In this study, Gross caloric values (y)were correlated remarkably with ash contents (x)for P. hanceana, but there was no significant correlation between gross caloric values and ash contents for other species (Tab. 4).

From Tab. 5, we could find that gross caloric values were correlated with monthly rainfall (P < 0.05)for P. hanceana, P. paludosa and P. dactylifera, respectively.

2.4 Ash-free caloric value

As far as ash-free caloric values are concerned, the range of P. dactylifera(21.47 ~ 23.63 kJ·g^-1)was close to P. roebelenii(22.11 ~ 24.01 kJ·g^-1), and the differenceswere not significant by t test(P > 0.05);The range of P. canariensis(21.04~ 22.75 kJ·g^-1)was close to P. paludosa(20.54 ~ 22.71kJ·g^-1), and the differences were not significant by t test(P > 0.05);The range of P. paludosa was higher than P. hanceana(19.89 ~ 22.43 kJ·g^-1), and the differences were significant by t test (P < 0.05);Namely, P. dactylifera ≈P. roebelenii >P. canariensis ≈P. paludosa P. hanceana.

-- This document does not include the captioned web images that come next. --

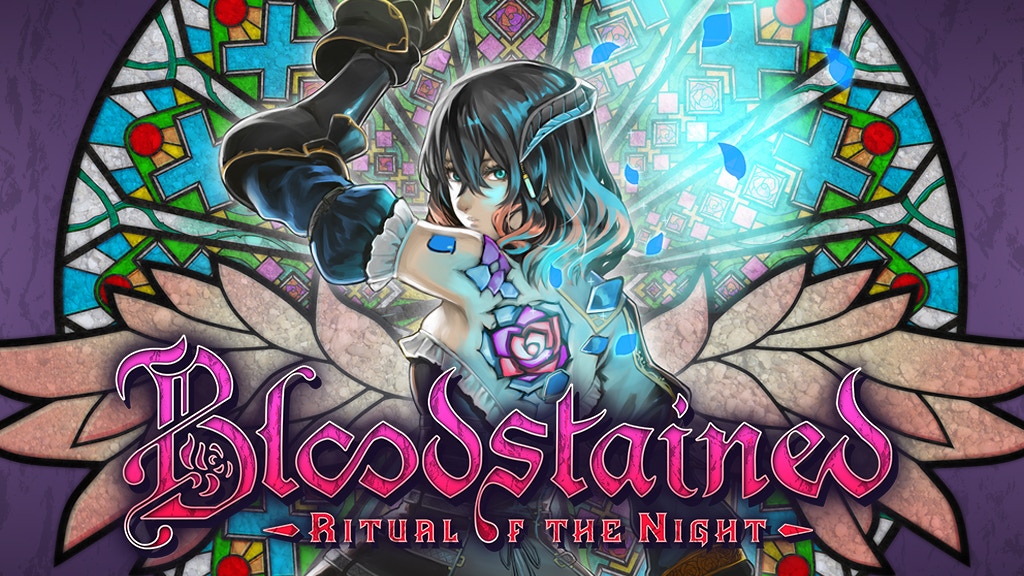 Bloodstained: Ritual of the Night [L] [RUS + ENG + 9 / ENG + JPN] (2019) (1.05) [GOG]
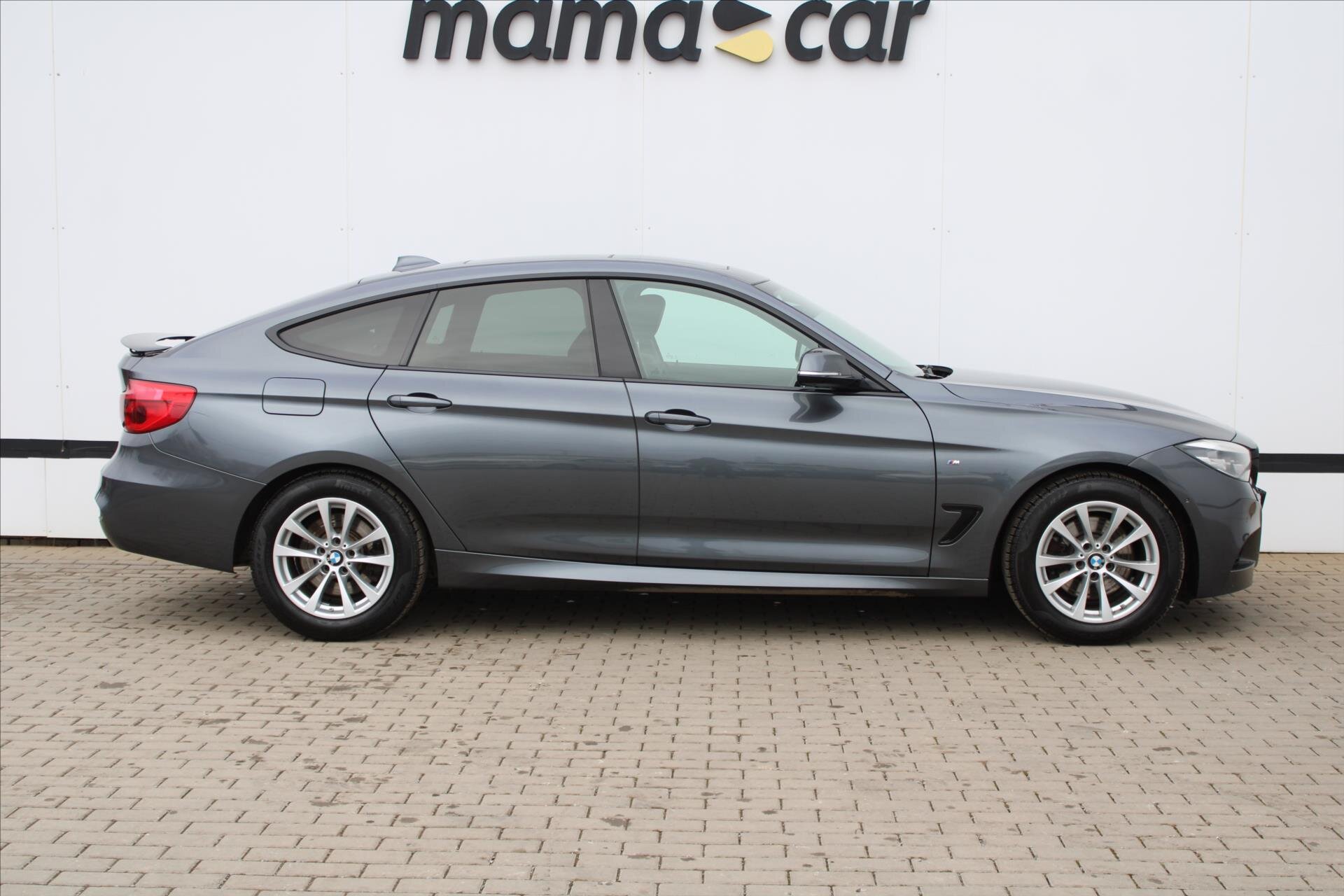 BMW Řada 3 Liftback 3,0 l 190 kw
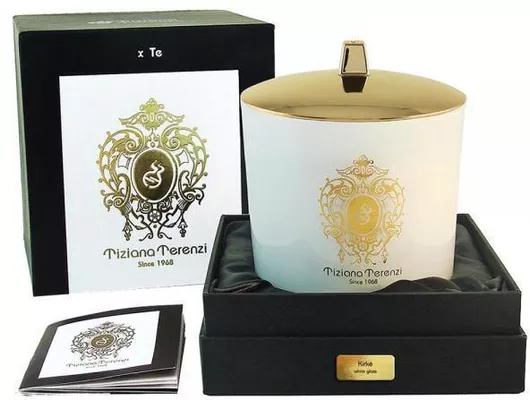 Tiziana Terenzi Διακοσμητικό Κερί 500gr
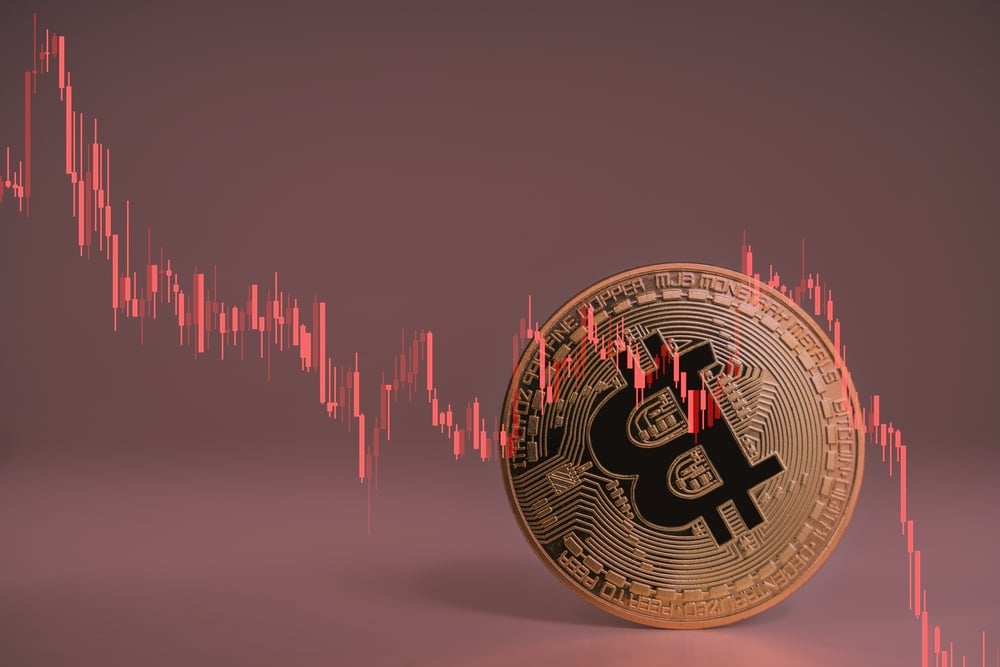 Bitcoin Down To $27,500 As Bearish Run Continues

Seasonal ash-free caloric values varied with species (Fig. 3), the highest in autumn for P. canariensis and P. hanceana, the highest in winter for other species, respectively (Tab. 6).Seasonal changes in ash-free caloric values were different from that in gross caloric values resulted from the differences in ash contents.

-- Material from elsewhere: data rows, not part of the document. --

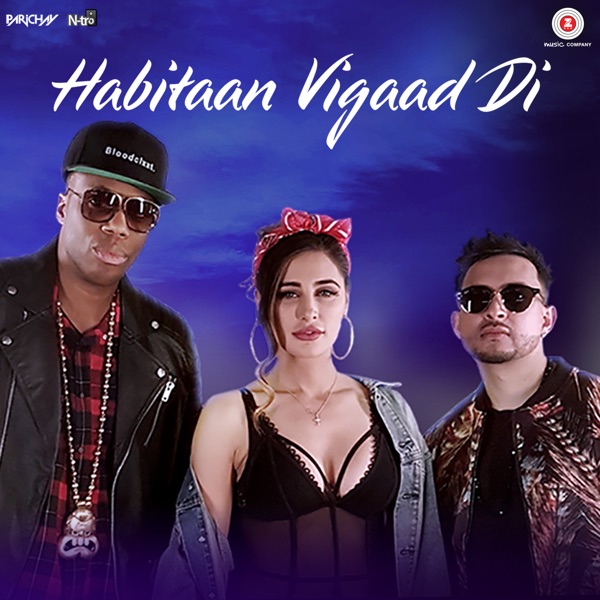 Habitaan Vigaad Di Cover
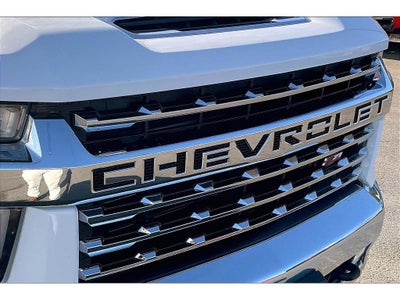 2020 Chevrolet Silverado 3500 HD LTZ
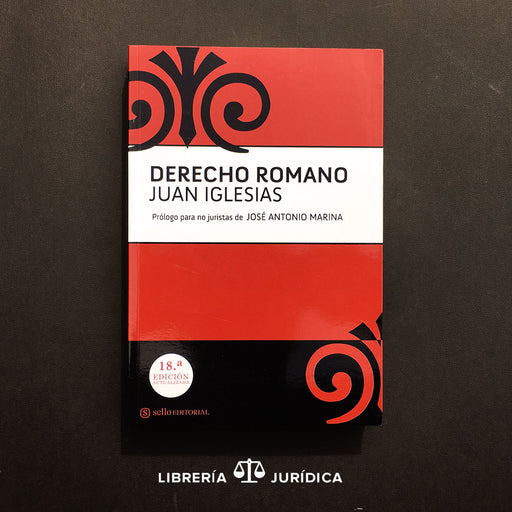 Derecho Romano - Libreria Juridica 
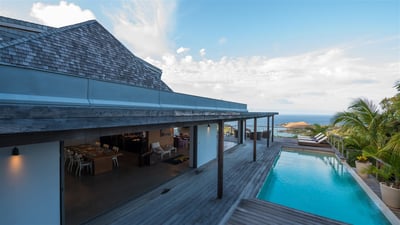 Pool & Terrace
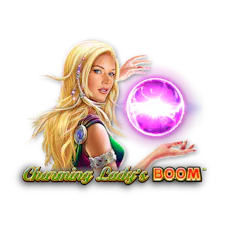 game-Charming Lady's Boom-logo
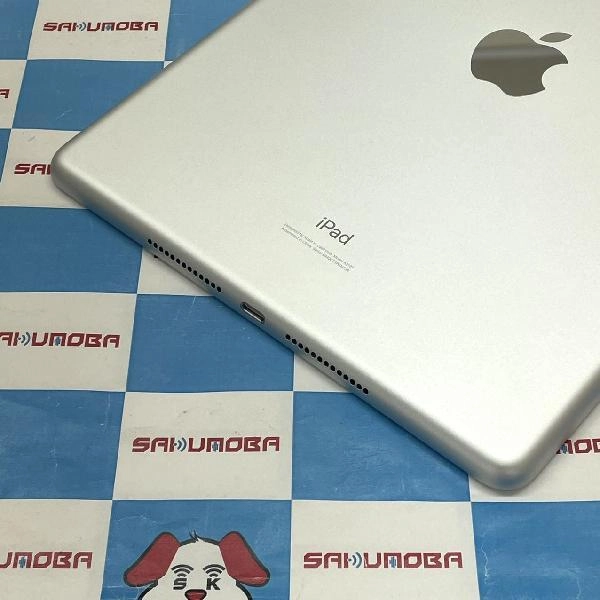 iPad 第7世代 Wi-Fiモデル 128GB MW782J/A A2197 極美品 シルバー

Compared with other vegetation types, average ash-free caloric values of 5 Phoenix species in Palmae (22.02 kJ·g^-1) were lower than those of coniferous-broadleaf mixed forest (22.43kJ·g^-1), and higher than those of bamboos (20.85kJ·g^-1).

3 Conclusions

Five Phoenix species had the relatively high ash contents and different monthly change trends.

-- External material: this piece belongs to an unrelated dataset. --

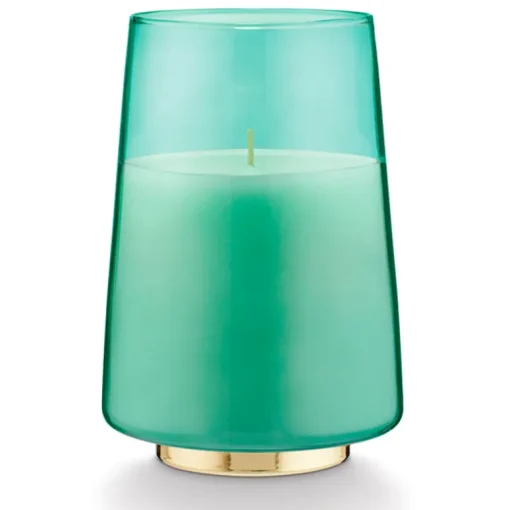 Wondermint Winsome Glass Candle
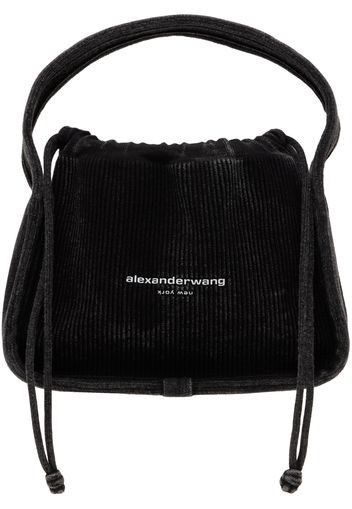 Alexander Wang Black Ryan Small Bag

Seasonal changes in the gross caloric values varied with the species, and P. hanceana and P. paludosa had the similar trends, different from other species; Such fluctuations may be attributable to modification of tree vigor and nutritive condition resulting from rapid changes in environmental conditions.

Gross caloric values were correlated remarkably with ash contents for P. hanceana, but there was no significant correlation between gross caloric values and ash contents for other species.

Gross caloric values were correlated with monthly rainfall (P < 0.05)for P. hanceana, P. paludosa and P. dactylifera, respectively.

Seasonal ash-free caloric values varied with species.Seasonal changes in ash-free caloric values were different from those in gross caloric values resulted from the differences in ash contents.